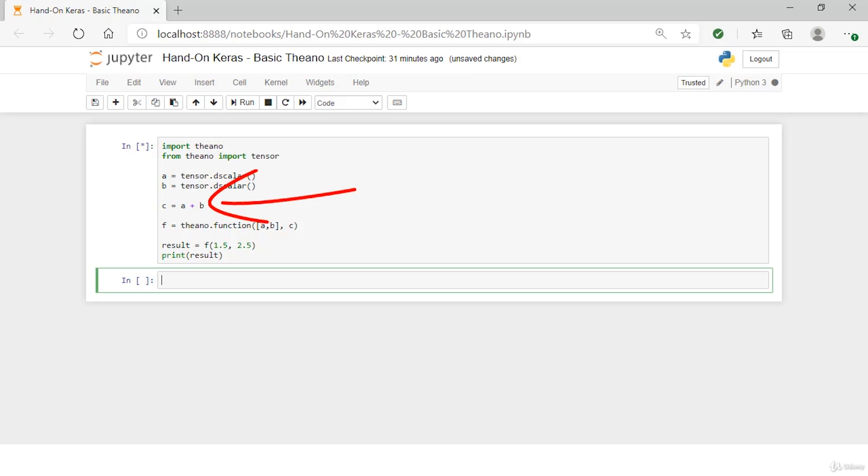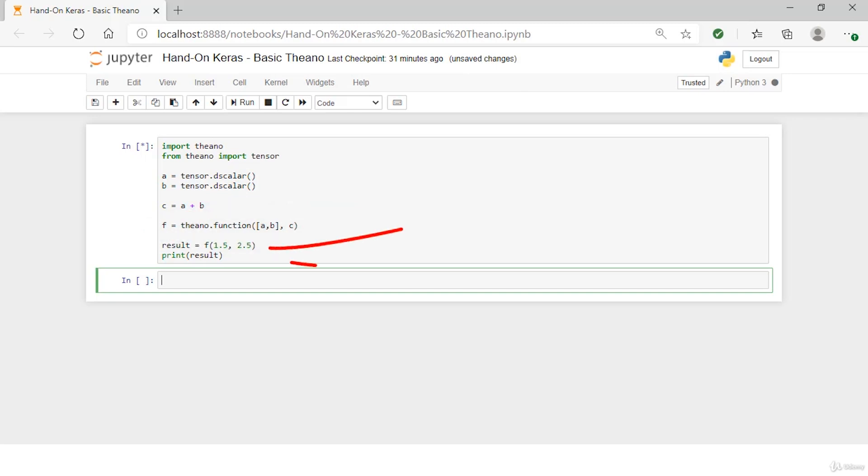You're then going to compile the symbolic expression into a function using Theano that you can use later. Lastly, you're going to use the compiled expression by plugging in some real values and performing the calculation using efficient compiled Theano code under the covers.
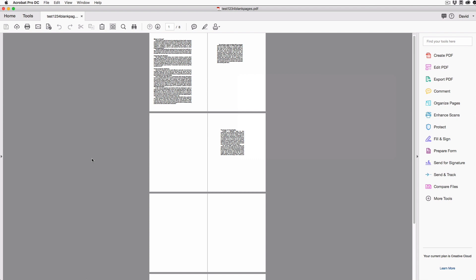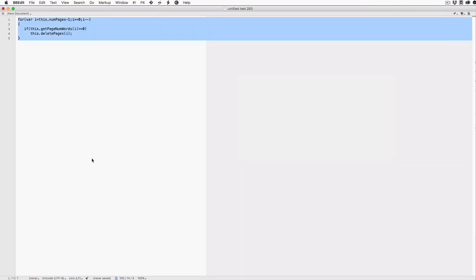First, you need the script, and I happen to have it here in this text file. This was written by PDF scripting superstar Tom Parker from PDFscripting.com. You can find this script in the show notes under the video, or even just type it yourself if you want. I'm just going to copy this to the clipboard with Command-C, or Control-C on Windows.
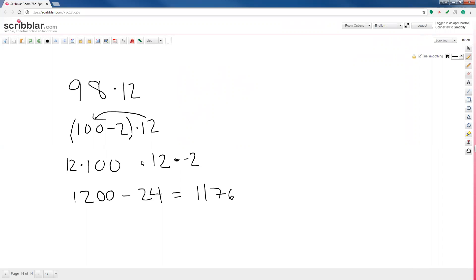A couple more people have joined — thanks for being here. This is the math live study session where we go over math topics only. My name is April Barton; I may or may not be your actual teacher. Every student is assigned a different math teacher, but you can always ask any of us questions about your math classes. Feel free to unmute yourself to ask a question, or send a chat message.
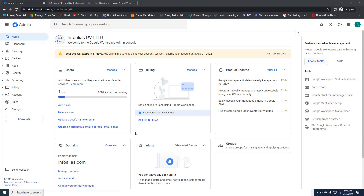Hey friends, in this video we will learn how to create groups on the Google Admin Panel. I've logged in with my admin account and I can see multiple options on my home page. Here we are going to create groups.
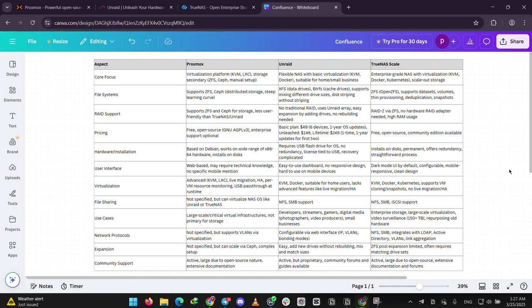There you go, guys. Pick Proxmox for virtual machine power, Unraid for a simple storage setup, or TrueNAS Scale for free, advanced storage. Which one's your favorite? Drop a comment below, and if you liked this, hit subscribe for more tech breakdowns. See you guys next time.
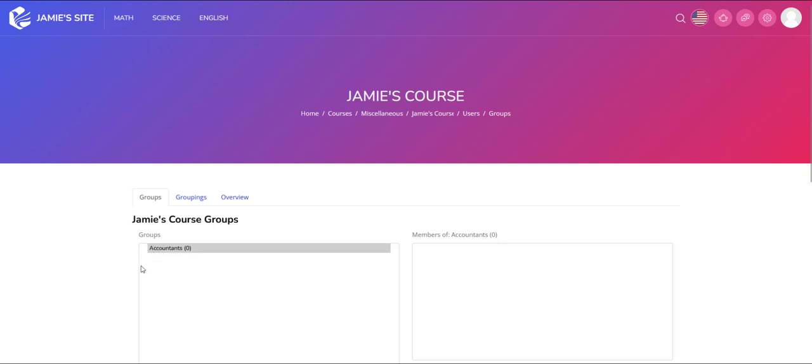So to recap, a cohort is a subset of users at the site level. It's used for enrolling users and reporting purposes.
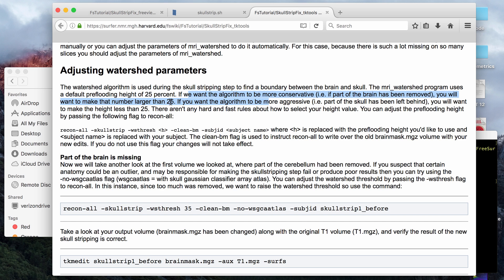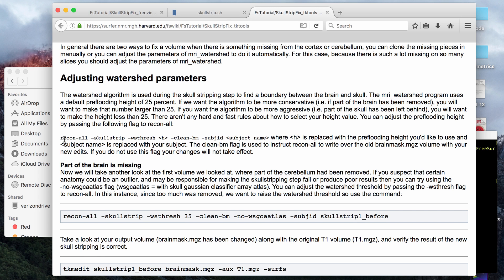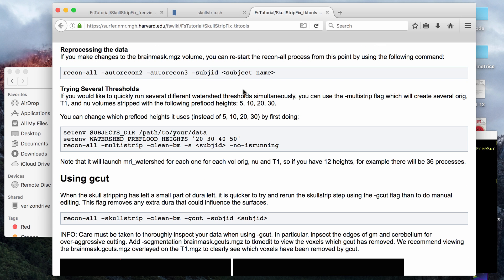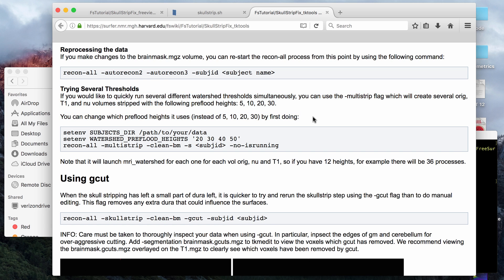The opposite of that, if you think that not enough part of the brain was removed, you want to look at a lower number. This is the line of code that you would run if you know specifically what type of watershed parameter you want to use, in which case you put in the number here for the watershed tag. But if you read here, it says it's kind of arbitrary what value is the best. On this page here, it talks about trying several thresholds at the same time. If you do that, there's a multi-strip tag that will automatically test 5, 10, 20, and 30 as the watershed thresholds, or there's a way of changing the set to whatever values you want.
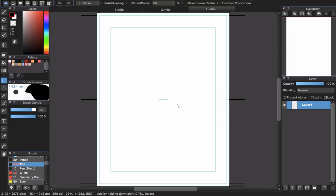Welcome back to CLGTX channel. Today I will talk about how to create speech bubbles in Manga with Medibang. In Manga we have many kinds of speech bubbles and I will talk about them today.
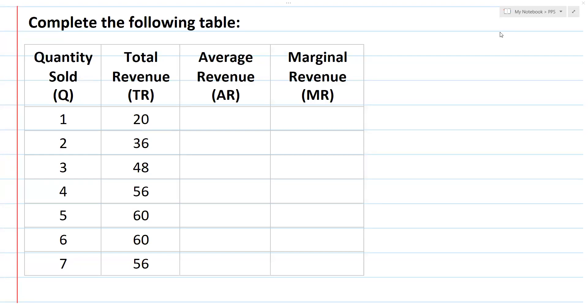Hello and Namaskar to everyone. In today's class, I am going to cover total revenue, average revenue, and marginal revenue.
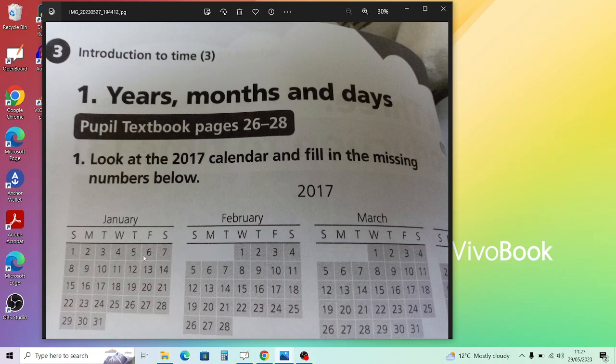Let's do one more example: 3.8.2017, which is the 3rd of August. Go to August in the 2017 calendar. The 3rd falls on the column marked 'T', which comes after 'W' for Wednesday, so this would have to be a Thursday. Then move on to Question 2.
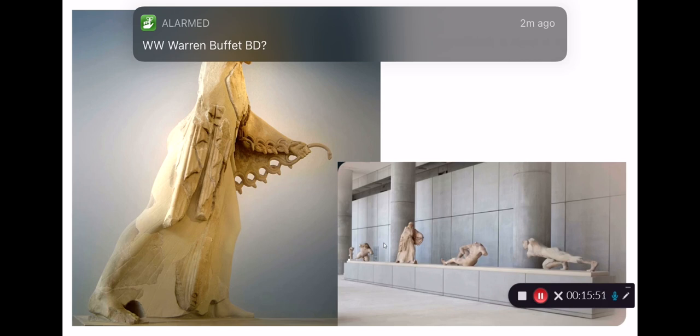That is it for your introduction to Athens and the archaic monuments. Thank you so much for watching, bye!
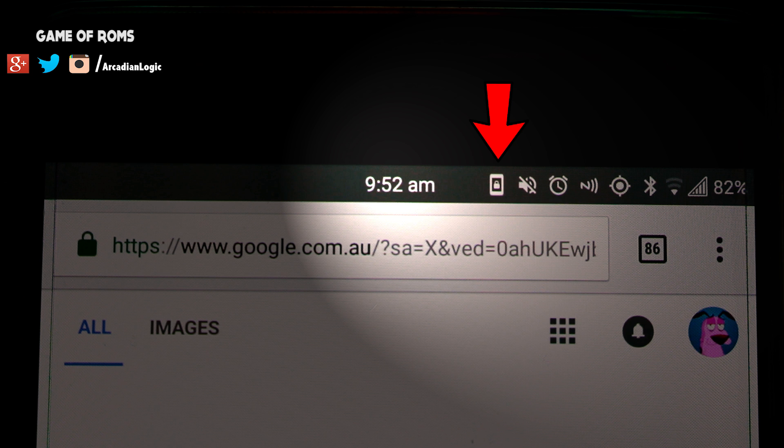The next icon you can't even recognize because it's not in the stock status bar. It's a screen orientation icon. As you can see, at the moment I'm locked in portrait mode, and this icon can save your time.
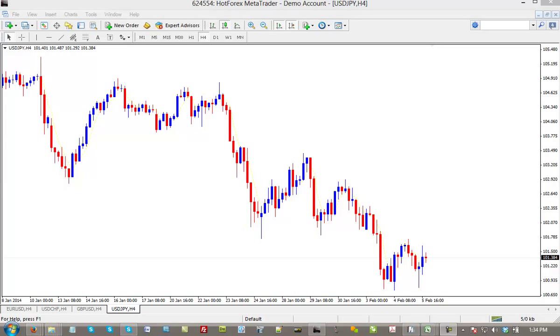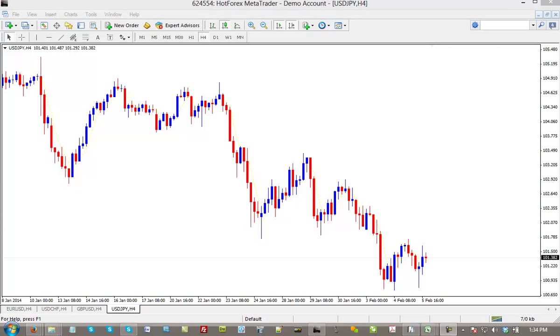Hey there. I want to show you how to add an indicator, expert advisor, a template, and a profile into the new MetaTrader 4600 build.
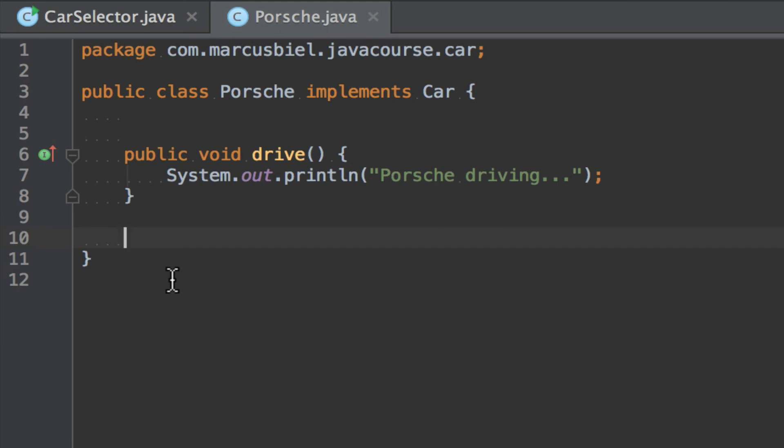So I think this is pretty much it, talking about the finalize method. In short, again, generally speaking, don't use it. Instead, to free up non-memory resources, use a try finally. Okay.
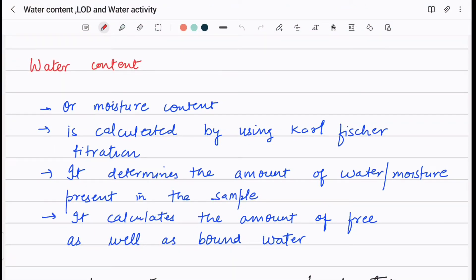Welcome. Today we are going to discuss three topics: water content, LOD (loss on drying), and water activity. People are often confused with these three terms and ask: when we do water content testing, why do we also require LOD or water activity? In this session we will discuss the basic concepts of these three topics and understand how they differ from each other.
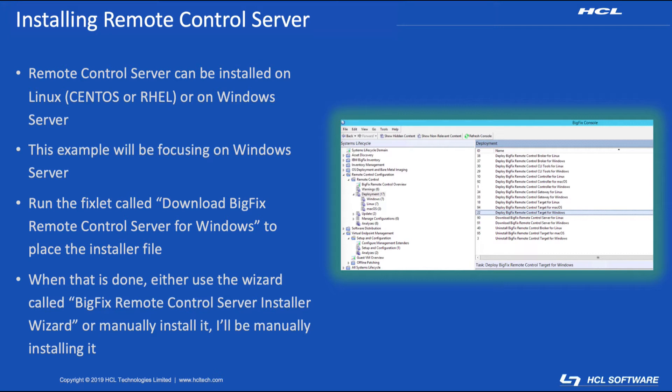Alright, so to begin, there are a few ways for us to get this server installed and running. One being on a Windows Server, and another would be on a Linux Server. Basically, we're going to use a fixlet to send down the software for the install on the target system, whether it's Linux or Windows, and then we'll actually run the installer.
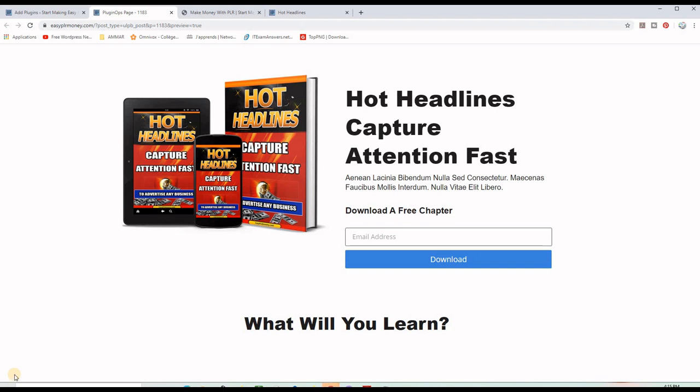What's up guys, Amar here. In today's video we're going to learn how to build a list using a free WordPress plugin and a PLR or Master Resell Rights ebook. This will include creating a landing page, squeeze page, or even a sales page using this free WordPress plugin and using a PLR or MRR ebook as a lead magnet.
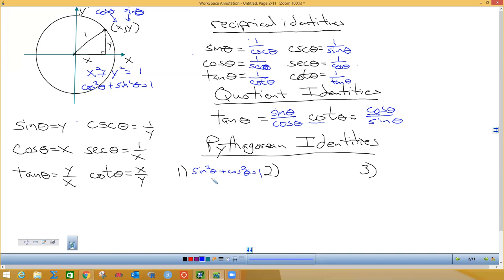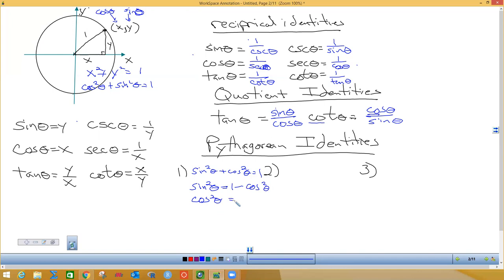Every one of these nine Pythagorean identities comes from that first one — sine squared plus cosine squared equals one. I can subtract cosine squared to the other side: sine squared theta equals one minus cosine squared theta. Likewise, subtracting sine squared gives cosine squared equals one minus sine squared. I actually had to use some of this in my graduate advanced calculus class with polar coordinates.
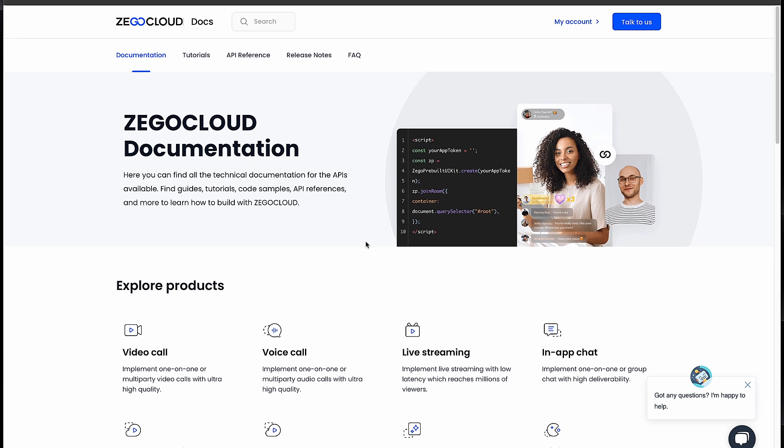All of that using the powerful Zego Cloud SDK to integrate live streaming with very few lines of code — a lot of simplicity to implement such a complex thing. If you want to support me and see more videos like this, don't forget to subscribe, leave a like, and share it with your friends. If you want to become ready for the Android industry and get your dream job, check my premium course in the description. See you in the next video!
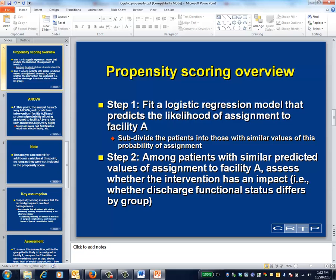Propensity scoring works differently. The first step in a propensity score analysis is to create a model that predicts the facility to which a patient will be assigned. The predictions of this model could be the same or different from the predictors in ANCOVA. For example, geographic location might help predict assignment to facility A, but would probably have little impact on outcome. The probability of being assigned to facility A is called a propensity score.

YOUR OBJECTIVE
Every entry belongs in the answer exactly as written, but no picture does.

ANSWER TO THIS TASK
You're then going to compile the symbolic expression into a function using Theano that you can use later. Lastly, you're going to use the compiled expression by plugging in some real values and performing the calculation using efficient compiled Theano code under the covers.
First, you need the script, and I happen to have it here in this text file. This was written by PDF scripting superstar Tom Parker from PDFscripting.com. You can find this script in the show notes under the video, or even just type it yourself if you want. I'm just going to copy this to the clipboard with Command-C, or Control-C on Windows.
A couple more people have joined — thanks for being here. This is the math live study session where we go over math topics only. My name is April Barton; I may or may not be your actual teacher. Every student is assigned a different math teacher, but you can always ask any of us questions about your math classes. Feel free to unmute yourself to ask a question, or send a chat message.
Hey friends, in this video we will learn how to create groups on the Google Admin Panel. I've logged in with my admin account and I can see multiple options on my home page. Here we are going to create groups.
There you go, guys. Pick Proxmox for virtual machine power, Unraid for a simple storage setup, or TrueNAS Scale for free, advanced storage. Which one's your favorite? Drop a comment below, and if you liked this, hit subscribe for more tech breakdowns. See you guys next time.
So to recap, a cohort is a subset of users at the site level. It's used for enrolling users and reporting purposes.
The opposite of that, if you think that not enough part of the brain was removed, you want to look at a lower number. This is the line of code that you would run if you know specifically what type of watershed parameter you want to use, in which case you put in the number here for the watershed tag. But if you read here, it says it's kind of arbitrary what value is the best. On this page here, it talks about trying several thresholds at the same time. If you do that, there's a multi-strip tag that will automatically test 5, 10, 20, and 30 as the watershed thresholds, or there's a way of changing the set to whatever values you want.
Welcome back to CLGTX channel. Today I will talk about how to create speech bubbles in Manga with Medibang. In Manga we have many kinds of speech bubbles and I will talk about them today.
Hello and Namaskar to everyone. In today's class, I am going to cover total revenue, average revenue, and marginal revenue.
Let's do one more example: 3.8.2017, which is the 3rd of August. Go to August in the 2017 calendar. The 3rd falls on the column marked 'T', which comes after 'W' for Wednesday, so this would have to be a Thursday. Then move on to Question 2.
That is it for your introduction to Athens and the archaic monuments. Thank you so much for watching, bye!
The next icon you can't even recognize because it's not in the stock status bar. It's a screen orientation icon. As you can see, at the moment I'm locked in portrait mode, and this icon can save your time.
Hey there. I want to show you how to add an indicator, expert advisor, a template, and a profile into the new MetaTrader 4600 build.
So I think this is pretty much it, talking about the finalize method. In short, again, generally speaking, don't use it. Instead, to free up non-memory resources, use a try finally. Okay.
Welcome. Today we are going to discuss three topics: water content, LOD (loss on drying), and water activity. People are often confused with these three terms and ask: when we do water content testing, why do we also require LOD or water activity? In this session we will discuss the basic concepts of these three topics and understand how they differ from each other.
Alright, so to begin, there are a few ways for us to get this server installed and running. One being on a Windows Server, and another would be on a Linux Server. Basically, we're going to use a fixlet to send down the software for the install on the target system, whether it's Linux or Windows, and then we'll actually run the installer.
What's up guys, Amar here. In today's video we're going to learn how to build a list using a free WordPress plugin and a PLR or Master Resell Rights ebook. This will include creating a landing page, squeeze page, or even a sales page using this free WordPress plugin and using a PLR or MRR ebook as a lead magnet.
Every one of these nine Pythagorean identities comes from that first one — sine squared plus cosine squared equals one. I can subtract cosine squared to the other side: sine squared theta equals one minus cosine squared theta. Likewise, subtracting sine squared gives cosine squared equals one minus sine squared. I actually had to use some of this in my graduate advanced calculus class with polar coordinates.
All of that using the powerful Zego Cloud SDK to integrate live streaming with very few lines of code — a lot of simplicity to implement such a complex thing. If you want to support me and see more videos like this, don't forget to subscribe, leave a like, and share it with your friends. If you want to become ready for the Android industry and get your dream job, check my premium course in the description. See you in the next video!
Propensity scoring works differently. The first step in a propensity score analysis is to create a model that predicts the facility to which a patient will be assigned. The predictions of this model could be the same or different from the predictors in ANCOVA. For example, geographic location might help predict assignment to facility A, but would probably have little impact on outcome. The probability of being assigned to facility A is called a propensity score.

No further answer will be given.